Cruise CEO Dan Ammann shows a rendering of a cargo version of the Origin. (Photo: Cruise)
Eliminate the driver and eliminate the stress
Going driverless will offer other advantages, or so Cruise officials claim. Forget the smell of a driver’s lunch, or having to engage in mindless chatter when you’d prefer to check your e-mail. And don’t worry about whether the driver has gone through the proper security checks. Today’s ride-sharing services can be “a stressful way to get around,” added Vogt. “You shouldn’t have to get lucky to be comfortable or safe.”
If the Origin delivers on all its promises, there could be another, equally appealing advantage: Today, it costs nearly $2 a mile to travel in a ride-sharing vehicle, substantially more than what it costs with a personally owned vehicle. But forecasts by the Boston Consulting Group and other researchers have estimated that could drop by nearly half once the driver is out of the picture.
Though autonomous sensors currently are quite expensive, costs should come down substantially when the Origin goes into mass production, said CEO Ammann, a former president of Cruise parent General Motors. He estimated the typical vehicle owner in San Francisco switching to the planned Cruise autonomous ride-sharing service will save about $5,000 annually.“At scale,” he told a packed audience, “we expect to produce it for roughly half what a conventional SUV costs today.”

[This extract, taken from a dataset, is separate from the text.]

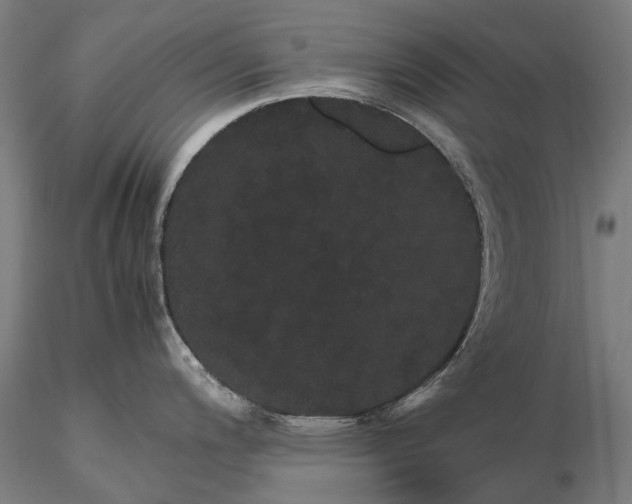 X0000116121200200912071339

Cruise CTO Kyle Vogt shows off one of the sensor units that can track numerous vehicles, pedestrians and other obstacles simultaneously. (Photo: Cruise)
How soon the service will launch is unclear. It was originally set to debut in 2019 but was pushed back as Cruise changed course. It originally planned to field a fleet of modified Chevy Bolts but decided to develop the unique vehicle that became Origin after Honda invested in the start-up. Since it was founded, Cruise has now raised $7.25 billion, with other investors including Japan’s SoftBank Vision Fund and T. Rowe Price Associates.

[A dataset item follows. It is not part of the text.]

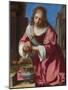 Die heilige Praxedis-Johannes Vermeer-Mounted Giclee Print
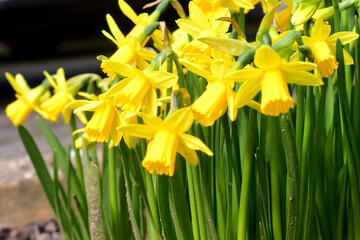 Close-up of big bunch of bright spring yellow daffodils flowers blooming in garden in spring season in UK. Nature background.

Of course, Cruise isn’t the only company working on bringing driverless technology to a ride-hailing service. Lyft and Uber are in the game, as well as Waymo. That Google spin-off already operates an autonomous service in the Phoenix area, but its vehicles still require a human backup “operator” in the event of an emergency.
Cruise has other plans for the Origin and eventually plans to build other variants including ones that could be used by driverless delivery services.
Cruise isn’t the only company looking a driverless box-on-wheels design. So is Toyota, with its e-Pallette concept shown here. (Photo: Paul A. Eisenstein, TheDetroitBureau.com.)
WHY THIS MATTERS
Ride-sharing services like Uber and Lyft are struggling financially because of the high cost of using human drivers. Fully driverless services, like the one Cruise plans, could dramatically change the equation and make it more attractive for motorists to give up their vehicles or cut back on their household fleet.